Aim of the task ->
Take the data below and write it out exactly, except for the pictures.

◇ ◇ ◇ ◇ ◇

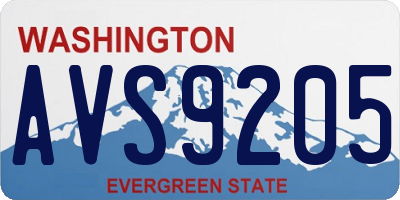 WA license plate AVS9205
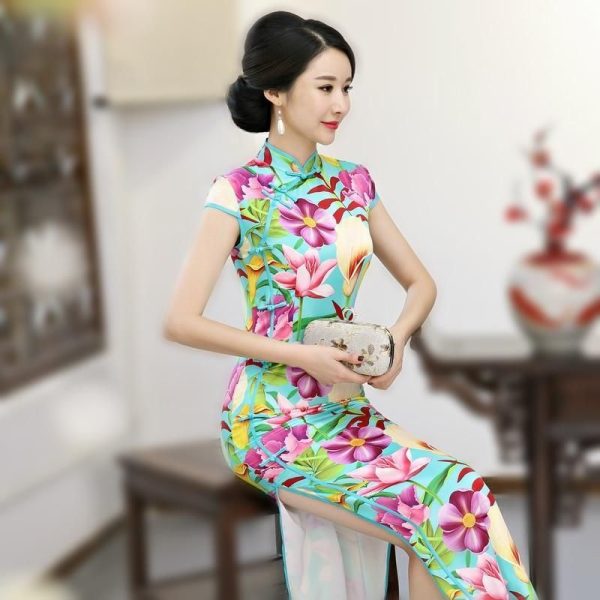 Robe Chinoise Fleurs Colorées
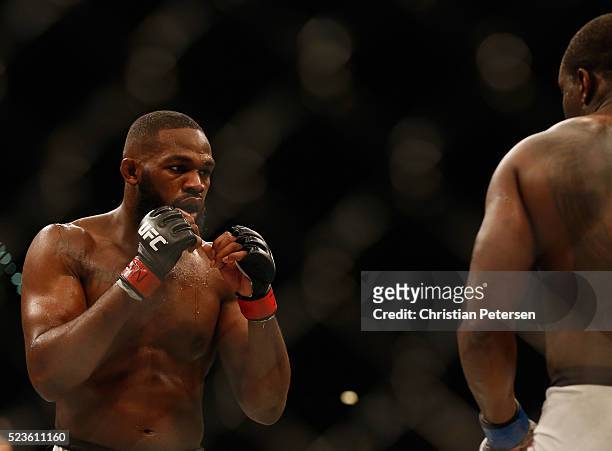 Jon Jones and Ovince Saint Preux face off in their interim UFC light heavyweight championship bout during the UFC 197 event inside MGM Grand Garden...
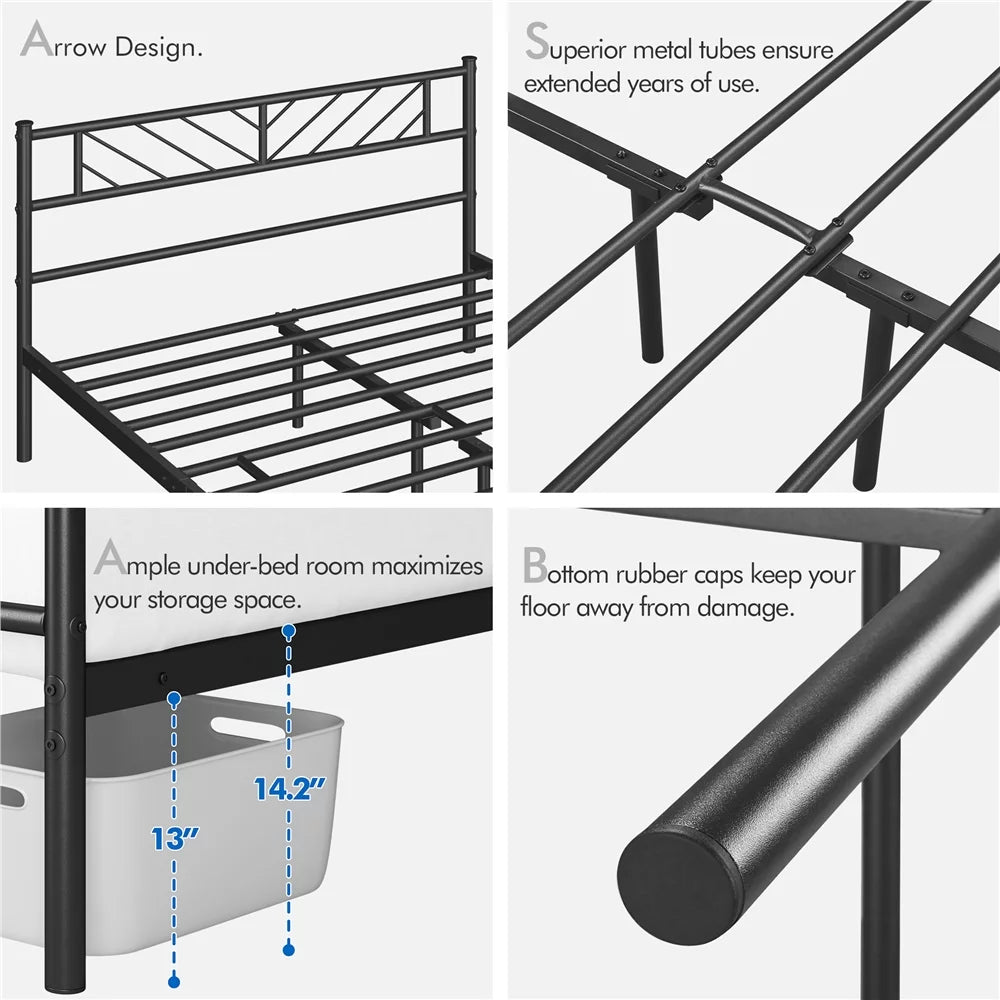 Black Full Size Metal Platform Bed Frame with Headboard and Footboard J498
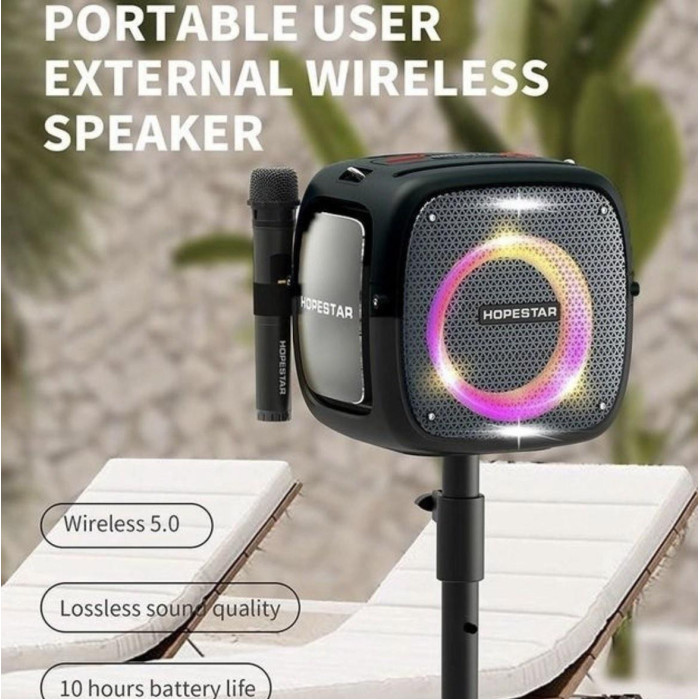 Колонка HOPESTAR PARTY ONE з підсвіткою і двома мікрофонами (6)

◇ ◇ ◇ ◇ ◇

Solution to this task ->
 WA license plate AVS9205
 Robe Chinoise Fleurs Colorées
 Jon Jones and Ovince Saint Preux face off in their interim UFC light heavyweight championship bout during the UFC 197 event inside MGM Grand Garden...
 Black Full Size Metal Platform Bed Frame with Headboard and Footboard J498
 Колонка HOPESTAR PARTY ONE з підсвіткою і двома мікрофонами (6)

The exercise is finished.